One of the most powerful organizations in the world believes “there is an urgent need for more deliberate global coordination to improve digital safety.”
The World Economic Forum (WEF) announced (here) on June 29 it is launching a “Global Coalition for Digital Safety” which will “accelerate public-private cooperation to tackle harmful content online.”

The coalition will determine new “best practices” in order to promote what it calls “online safety regulation” and to “reduce the risk of online harms.”

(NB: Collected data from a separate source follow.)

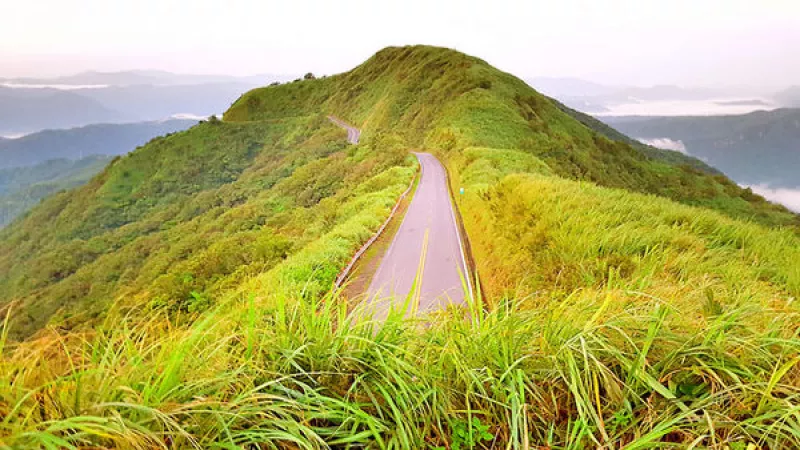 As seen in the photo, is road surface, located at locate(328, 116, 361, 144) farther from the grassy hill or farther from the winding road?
the grassy hill

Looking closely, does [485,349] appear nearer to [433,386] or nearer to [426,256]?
[433,386]

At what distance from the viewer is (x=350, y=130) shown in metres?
67.6

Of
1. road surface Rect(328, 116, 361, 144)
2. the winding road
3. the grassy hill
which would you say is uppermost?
road surface Rect(328, 116, 361, 144)

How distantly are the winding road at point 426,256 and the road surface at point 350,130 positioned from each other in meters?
37.6

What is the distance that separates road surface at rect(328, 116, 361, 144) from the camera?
57050mm

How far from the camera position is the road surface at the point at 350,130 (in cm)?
5705

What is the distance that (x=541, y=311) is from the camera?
9.71 feet

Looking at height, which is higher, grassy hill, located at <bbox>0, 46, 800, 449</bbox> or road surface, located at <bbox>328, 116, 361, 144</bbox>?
road surface, located at <bbox>328, 116, 361, 144</bbox>

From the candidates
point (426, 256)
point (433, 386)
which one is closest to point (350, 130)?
point (426, 256)

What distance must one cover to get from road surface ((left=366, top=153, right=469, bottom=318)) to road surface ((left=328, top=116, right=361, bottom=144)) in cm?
3831

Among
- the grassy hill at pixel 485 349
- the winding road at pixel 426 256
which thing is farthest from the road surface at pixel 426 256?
the grassy hill at pixel 485 349

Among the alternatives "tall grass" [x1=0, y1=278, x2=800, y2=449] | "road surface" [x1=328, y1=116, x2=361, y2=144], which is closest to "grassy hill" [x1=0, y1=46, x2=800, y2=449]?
"tall grass" [x1=0, y1=278, x2=800, y2=449]

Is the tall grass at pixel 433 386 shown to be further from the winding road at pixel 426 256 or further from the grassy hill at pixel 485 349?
the winding road at pixel 426 256

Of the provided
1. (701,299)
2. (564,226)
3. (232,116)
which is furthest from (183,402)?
(232,116) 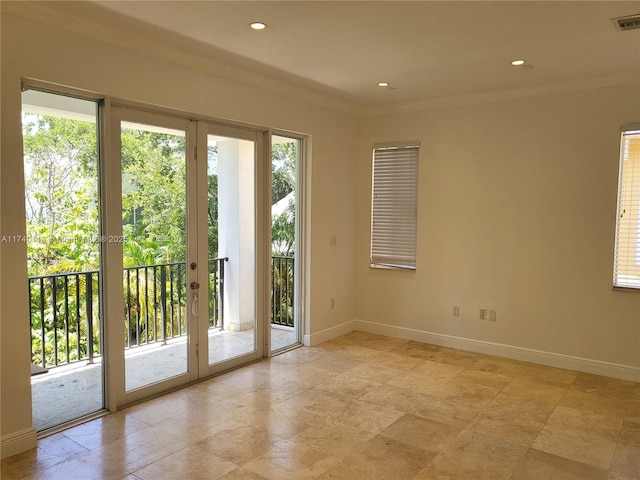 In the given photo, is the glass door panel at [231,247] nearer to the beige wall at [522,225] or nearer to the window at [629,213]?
the beige wall at [522,225]

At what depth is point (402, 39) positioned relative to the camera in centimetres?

“Global online safety is a collective goal that must be addressed by working across borders as well as by individual nations,” said Dame Melanie Dawes, Chief Executive of Ofcom about the coalition.

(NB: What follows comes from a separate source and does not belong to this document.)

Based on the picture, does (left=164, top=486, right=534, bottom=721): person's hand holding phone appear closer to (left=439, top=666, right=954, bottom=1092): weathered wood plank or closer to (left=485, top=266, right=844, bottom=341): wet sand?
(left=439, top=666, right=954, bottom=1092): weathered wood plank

But organizations are already concerned about such utopian goals representing a smokescreen hiding more sinister motives. The Centre for Research on Globalization (CRG) is an independent research and media organization based in Montreal currently warning readers about the WEF’s new coalition.
“The WEF sets itself up as the global arbiter that defines terms like ‘harmful content’ and ‘misinformation,'” writes Leo Hohmann for GlobalResearch. “It also laments the fact that encrypted social media channels like Telegram and Signal are able to allow users to communicate free of censorship and spying.”
Hohmann continues:
If COVID taught us anything, it’s that Big Tech social-media [sic] platforms, in league with global power elites, defined for us what is allowed and not allowed to be said on the Internet.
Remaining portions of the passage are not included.